Tuesday, September 8, 2009
September Theme
The goal is to get a job. No matter what delusions you may have had when you entered graduate school, upon your exit you are face with the fact that your age:income ratio is not anywhere near most of your friends and it becomes apparent that you need a job. What kind of job? Where that job will be (I’m still hoping for the Caribbean)? What will it pay?? Those are topics for future conversations. What I’d like to begin now is a collec-tion of job hunting resources. If you know of a website where PhDs might want to look for jobs, post it in the comments. Do you know a company that is hiring? Is there a page that helps neuroscientists find jobs overseas? Do you have some general advice about the process? Let us know!
Think of this as a brain dump. Any ideas are welcome. Over time we’ll sort through them and filter it down to the most useful, but for now just comment away.
Monday, July 6, 2009
July Theme
Once you’ve made it as an academic researcher, you tend to have a pretty long title; Barnett Rosenberg Professor of Neuroscience at Michigan State University, Professor and Director of the Autism Research Centre at the University of Cambridge are just two examples. So what is your title eventually going to be? Go ahead and send your answer to Molly as an entry since these will be relatively short.
July Theme - Entry 1
Endless Supply of Money Endowed, Official Barbeque Pit Master, Captain of Awesomness and Director of the Amygdala, Autism, Astrocytes and Anything Else He Wants to Study Center at the University of the Bahamas
-RTJ
Wednesday, June 17, 2009
MSU Neuroscience on Facebook!
Wednesday, June 3, 2009
June Theme
June Theme - Entry 1
I guess architecture and some other fields might provide a similar combination of the logical/rational and the creative/artistic, but I imagine that much of the science in architecture is left up to engineers rather than the building designer. Maybe I’m wrong about that.
Anyway, I’d figure out some way to get a PhD in cooking. Then I’d ask Alton Brown to sign my diploma.
Tuesday, May 26, 2009
May Theme
However, failing experiments is something many scientists will encounter during their career. Failed attempts at obtaining funding and failed attempts at obtaining a tenured position are also rather common. How do scientists (you) deal with failure?
May Theme - Post 1
I don’t have many memories of being surrounded by cooing adults telling me every turd I produce was gold, so I’m not quite sure where this indomitable idea that my eventual success is inevitable came from.
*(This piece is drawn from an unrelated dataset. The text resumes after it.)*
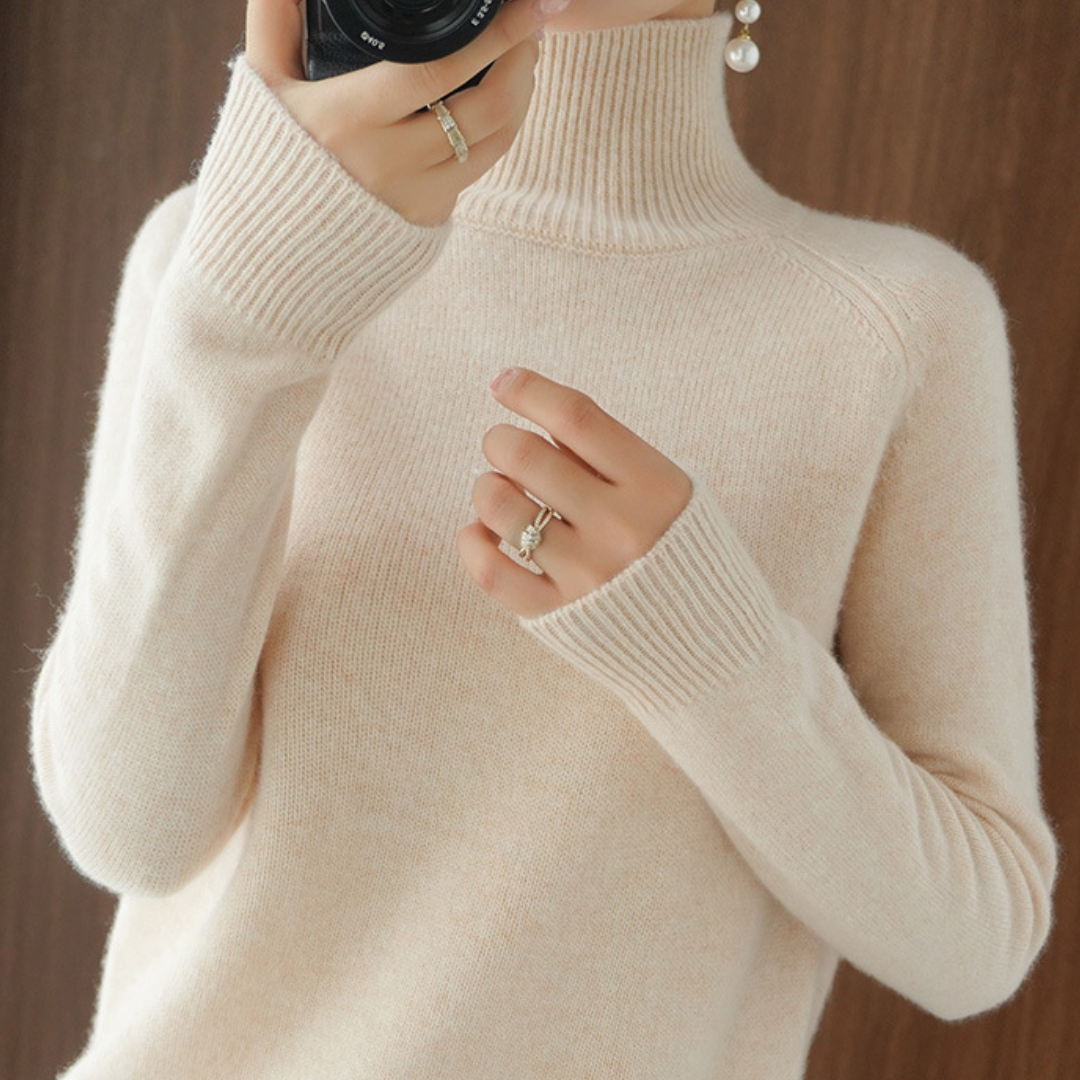 Sasha - Merino Wool Turtleneck Sweater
It seems almost genetic at times, something I inherited from my mother... a will to go on, no matter what happens. Despite this will, which has served me well, I still fear failure. It still hurts even though it has yet to be a death knell for my career.
I guess I figure that at each new level in life, the stakes get bigger, the task more challenging and at some point my stubbornness will cave and I’ll just say, “Screw it! It’s not worth it!” How do I know if that breaking point exists? How do I know when it will come?
Friday, March 6, 2009
March Theme - Post 1
It is interesting that I am writing this blog so soon after Richard Dawkins visited campus. This topic is actually something that I have thought about for a long time. Anybody who has taken a general biology course has heard the quote: “Nothing in biology makes sense except in the light of evolution.” (Theodosius Dobzhansky – evolutionary geneticist). This statement remains controversial to this day ‘in light’ of the fact that we live in a largely religious world. The clash of creationism and evolution is something that I personally had an internal struggle with in my life. Being brought up in a Christian home I was taught that God created the ‘heavens and earth’ and formed them in the state they currently reside. In class I was taught that the current state of things was the product of billions of years of successive cause and effect. There are those that try to meet in the middle ground with the idea of Intelligent Design. However, in my life I have found that route ultimately unsatisfying. Why did God allow so much redundancy and some much ‘slop’ in biological processes and proteins if he was ‘directing’ the evolution of such? On the other hand, is it truly possible that evolution could have ‘selected’ for the thousands and thousands of protein interactions and a created such a complex system as the human psyche? These questions still remain, but ultimately I find myself choosing either one side or the other (sometimes depending on the day). The internal struggle continues…….
-Tyrell S.
March Theme
Life naturally lends itself to struggle. In many ways that is what has created us. It is easy to identify the external struggles of the life and times around us. However, we as humans are in a somewhat unique position to discuss an unusual struggle…..the one within.